Task to carry out: Check each line below for the word "Photo" and give the number of lines that have it, nothing more.

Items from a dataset
Start of Block

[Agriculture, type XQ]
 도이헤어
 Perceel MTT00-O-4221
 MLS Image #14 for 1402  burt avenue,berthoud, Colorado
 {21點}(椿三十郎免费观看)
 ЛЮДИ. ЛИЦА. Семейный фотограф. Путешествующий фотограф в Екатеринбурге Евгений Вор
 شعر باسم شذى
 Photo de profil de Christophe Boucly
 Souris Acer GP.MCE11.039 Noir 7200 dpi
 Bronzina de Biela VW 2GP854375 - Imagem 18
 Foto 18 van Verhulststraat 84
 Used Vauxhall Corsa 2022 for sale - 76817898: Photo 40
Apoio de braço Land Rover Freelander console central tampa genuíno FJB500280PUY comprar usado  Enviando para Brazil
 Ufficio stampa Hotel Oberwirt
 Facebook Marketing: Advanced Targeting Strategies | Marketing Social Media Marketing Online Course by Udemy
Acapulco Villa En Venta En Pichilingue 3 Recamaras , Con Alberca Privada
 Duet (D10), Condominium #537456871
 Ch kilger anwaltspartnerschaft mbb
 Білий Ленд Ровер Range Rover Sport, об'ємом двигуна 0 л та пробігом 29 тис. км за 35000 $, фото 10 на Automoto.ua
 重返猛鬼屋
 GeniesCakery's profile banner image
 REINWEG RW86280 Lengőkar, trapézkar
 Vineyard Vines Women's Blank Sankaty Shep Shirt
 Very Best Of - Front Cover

End of Block

Response to the task: 2